++++ Provided entries ++++

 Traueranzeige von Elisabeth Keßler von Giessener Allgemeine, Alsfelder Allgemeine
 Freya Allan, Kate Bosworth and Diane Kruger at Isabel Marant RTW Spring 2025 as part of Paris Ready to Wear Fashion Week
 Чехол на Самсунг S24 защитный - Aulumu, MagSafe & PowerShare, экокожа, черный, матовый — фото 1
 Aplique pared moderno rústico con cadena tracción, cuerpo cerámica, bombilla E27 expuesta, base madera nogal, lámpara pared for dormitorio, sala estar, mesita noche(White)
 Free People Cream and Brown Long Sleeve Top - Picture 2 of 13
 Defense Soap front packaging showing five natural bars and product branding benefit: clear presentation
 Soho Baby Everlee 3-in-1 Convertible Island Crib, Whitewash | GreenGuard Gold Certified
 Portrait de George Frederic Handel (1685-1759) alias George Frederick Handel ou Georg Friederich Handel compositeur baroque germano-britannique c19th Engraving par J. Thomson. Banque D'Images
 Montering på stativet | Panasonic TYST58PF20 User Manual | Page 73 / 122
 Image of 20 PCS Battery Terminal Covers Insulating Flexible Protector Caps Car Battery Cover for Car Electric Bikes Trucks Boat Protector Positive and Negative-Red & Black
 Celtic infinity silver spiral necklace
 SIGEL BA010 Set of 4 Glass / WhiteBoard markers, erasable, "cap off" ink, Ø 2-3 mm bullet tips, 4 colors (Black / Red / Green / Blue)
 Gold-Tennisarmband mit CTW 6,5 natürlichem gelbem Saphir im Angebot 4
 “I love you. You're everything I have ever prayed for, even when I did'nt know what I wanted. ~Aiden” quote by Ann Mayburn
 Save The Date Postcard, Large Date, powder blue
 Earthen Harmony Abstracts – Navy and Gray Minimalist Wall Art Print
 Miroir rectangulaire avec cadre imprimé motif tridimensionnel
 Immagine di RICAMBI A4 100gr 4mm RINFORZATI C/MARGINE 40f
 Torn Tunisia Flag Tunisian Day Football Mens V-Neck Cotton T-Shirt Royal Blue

++++

How to complete this task »
Proceeding from the line containing "Gold-Tennisarmband mit CTW" through the line containing "Immagine di RICAMBI", transcribe the lines above exactly, both end lines included.

Answer area »
 Gold-Tennisarmband mit CTW 6,5 natürlichem gelbem Saphir im Angebot 4
 “I love you. You're everything I have ever prayed for, even when I did'nt know what I wanted. ~Aiden” quote by Ann Mayburn
 Save The Date Postcard, Large Date, powder blue
 Earthen Harmony Abstracts – Navy and Gray Minimalist Wall Art Print
 Miroir rectangulaire avec cadre imprimé motif tridimensionnel
 Immagine di RICAMBI A4 100gr 4mm RINFORZATI C/MARGINE 40f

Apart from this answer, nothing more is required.